[Start of Attachment]

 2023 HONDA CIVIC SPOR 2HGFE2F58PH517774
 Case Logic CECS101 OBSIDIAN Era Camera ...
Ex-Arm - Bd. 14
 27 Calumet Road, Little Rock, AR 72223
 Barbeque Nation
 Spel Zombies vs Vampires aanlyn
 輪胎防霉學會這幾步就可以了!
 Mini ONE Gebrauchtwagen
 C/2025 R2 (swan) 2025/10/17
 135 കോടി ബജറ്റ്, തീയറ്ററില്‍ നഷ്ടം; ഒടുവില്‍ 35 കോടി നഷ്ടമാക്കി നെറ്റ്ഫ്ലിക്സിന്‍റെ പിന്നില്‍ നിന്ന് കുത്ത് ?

[End of Attachment]
[Start of Attachment]

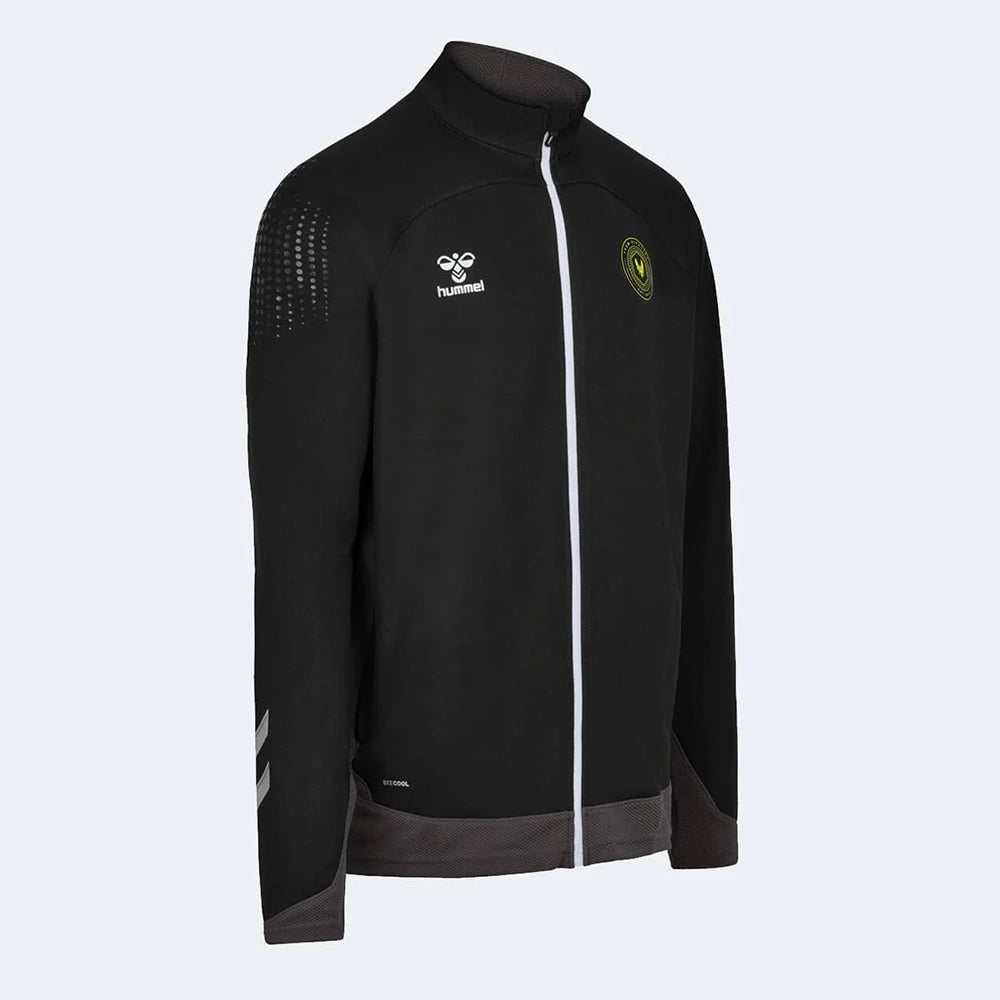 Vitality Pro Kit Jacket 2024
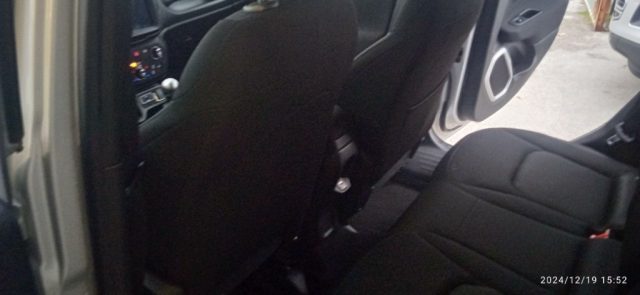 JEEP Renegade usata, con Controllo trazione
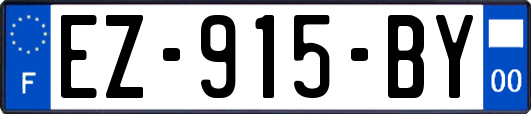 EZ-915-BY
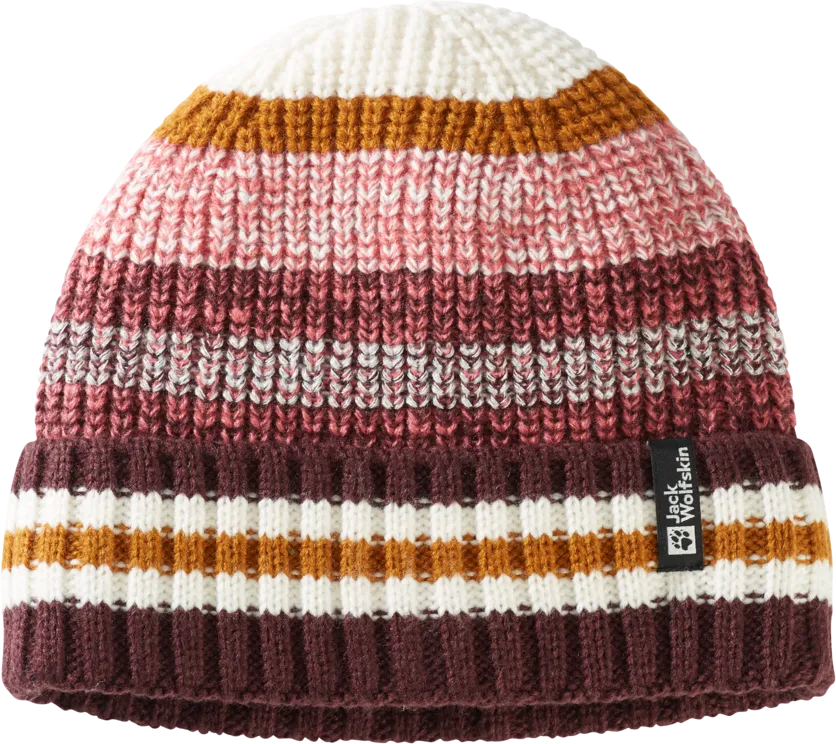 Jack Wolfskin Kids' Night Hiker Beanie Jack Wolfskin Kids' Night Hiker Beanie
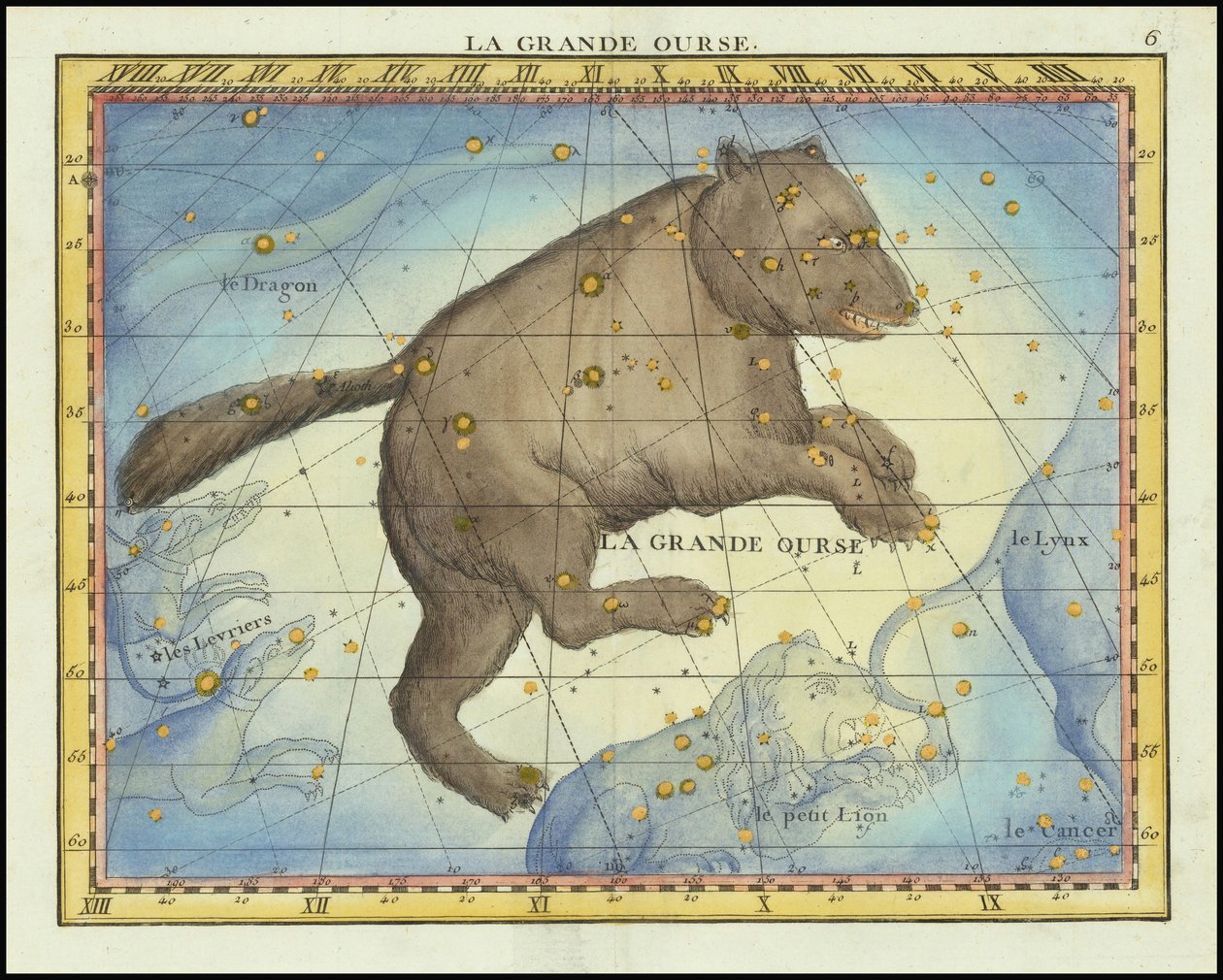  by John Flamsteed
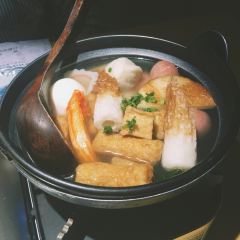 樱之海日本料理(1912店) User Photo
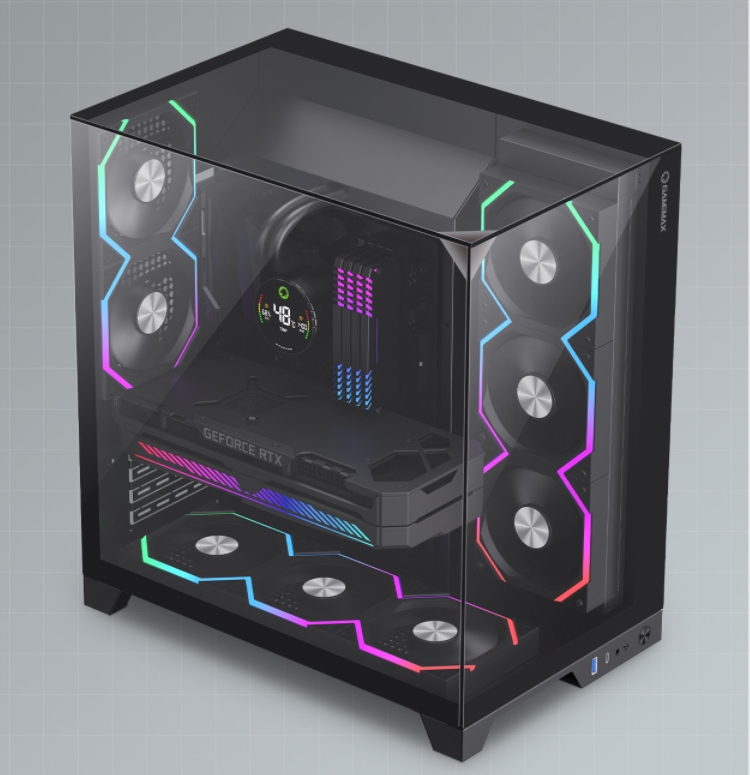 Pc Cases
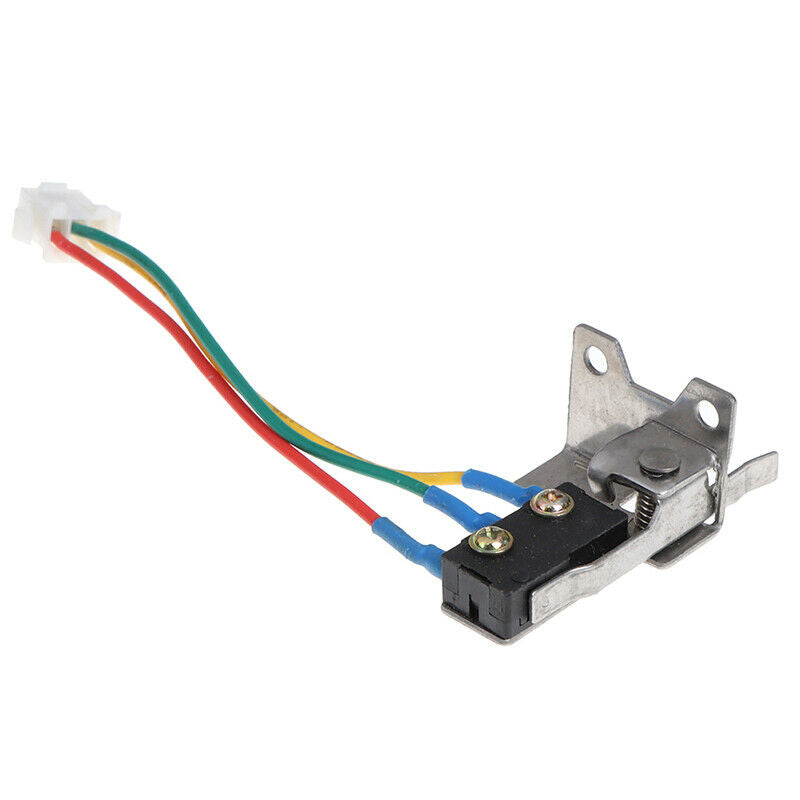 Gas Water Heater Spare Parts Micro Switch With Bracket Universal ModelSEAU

[End of Attachment]
[Start of Attachment]

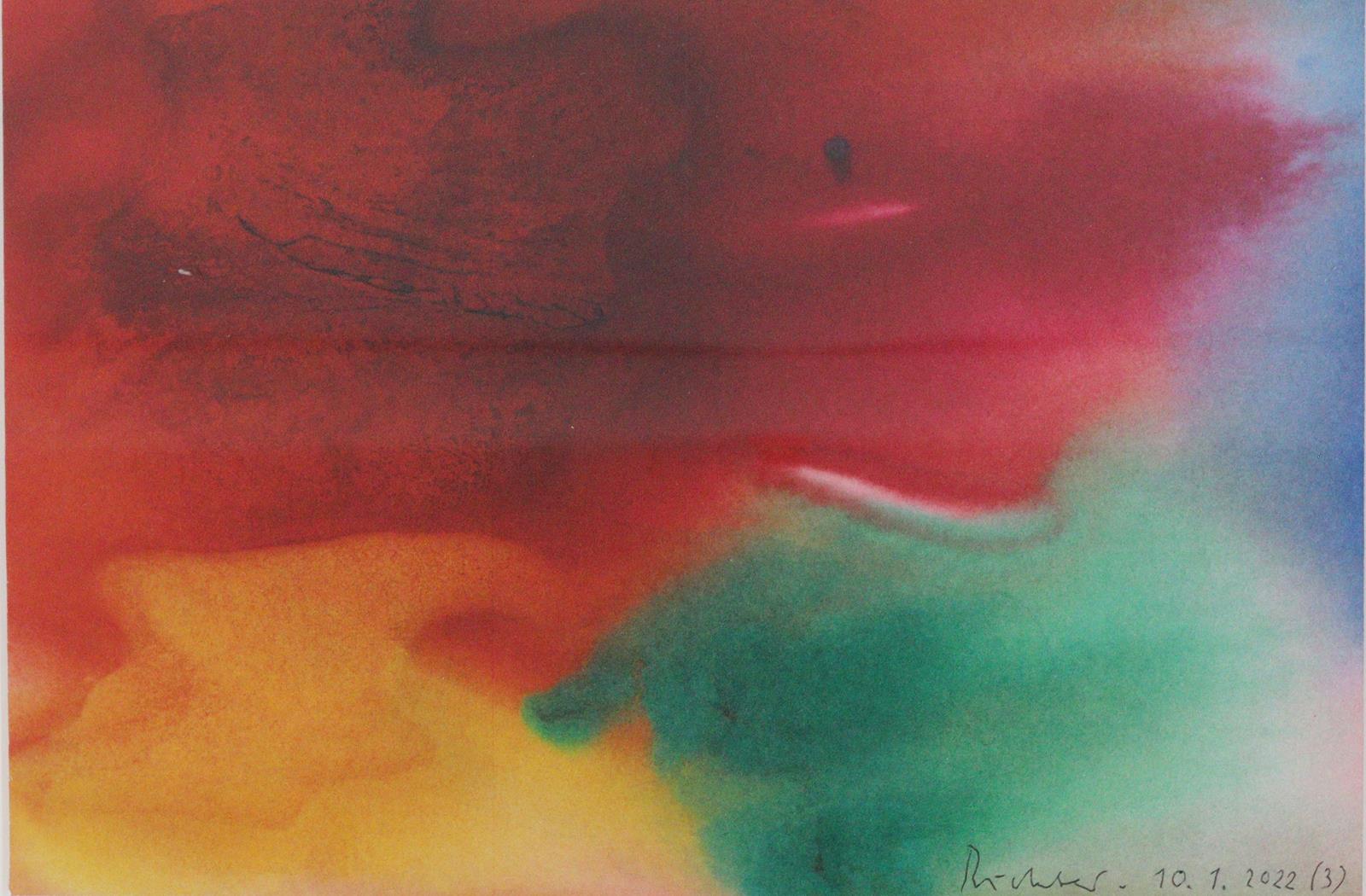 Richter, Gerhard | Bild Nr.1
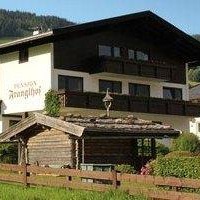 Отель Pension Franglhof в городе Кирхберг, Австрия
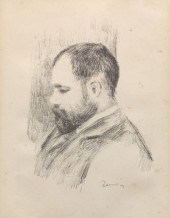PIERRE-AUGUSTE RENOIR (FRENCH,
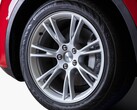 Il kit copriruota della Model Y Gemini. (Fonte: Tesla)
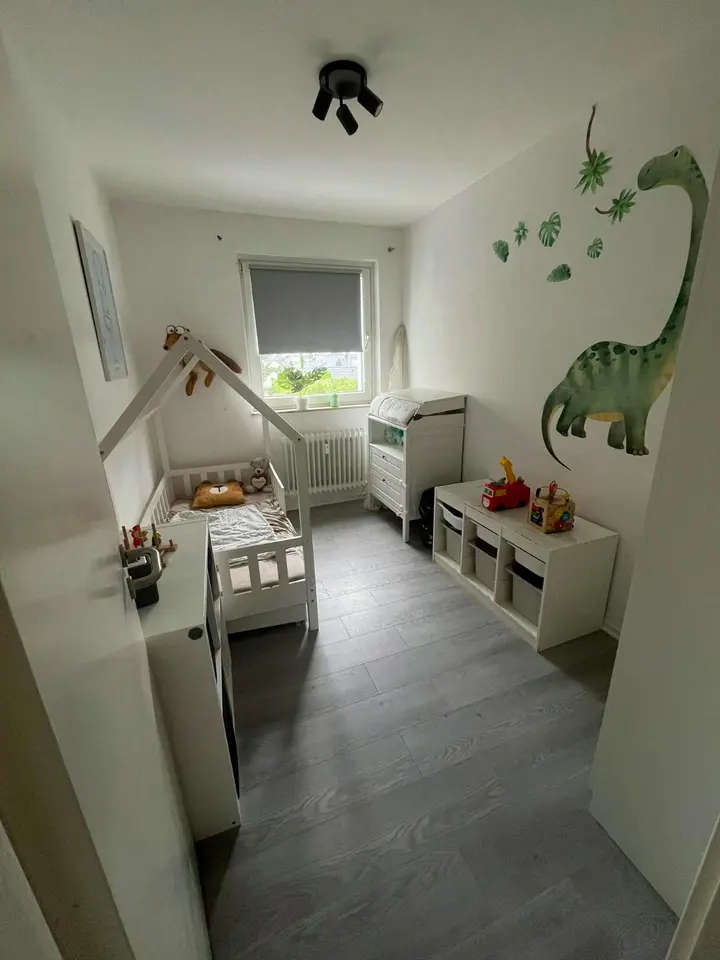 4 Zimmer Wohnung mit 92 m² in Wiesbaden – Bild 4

[End of Attachment]

Find "Case Logic CECS101 OBSIDIAN Era Camera ..." in the entries above and copy that whole line exactly, then each line after it through the line that contains "135 കോടി ബജറ്റ്, തീയറ്ററില്‍".

 Case Logic CECS101 OBSIDIAN Era Camera ...
Ex-Arm - Bd. 14
 27 Calumet Road, Little Rock, AR 72223
 Barbeque Nation
 Spel Zombies vs Vampires aanlyn
 輪胎防霉學會這幾步就可以了!
 Mini ONE Gebrauchtwagen
 C/2025 R2 (swan) 2025/10/17
 135 കോടി ബജറ്റ്, തീയറ്ററില്‍ നഷ്ടം; ഒടുവില്‍ 35 കോടി നഷ്ടമാക്കി നെറ്റ്ഫ്ലിക്സിന്‍റെ പിന്നില്‍ നിന്ന് കുത്ത് ?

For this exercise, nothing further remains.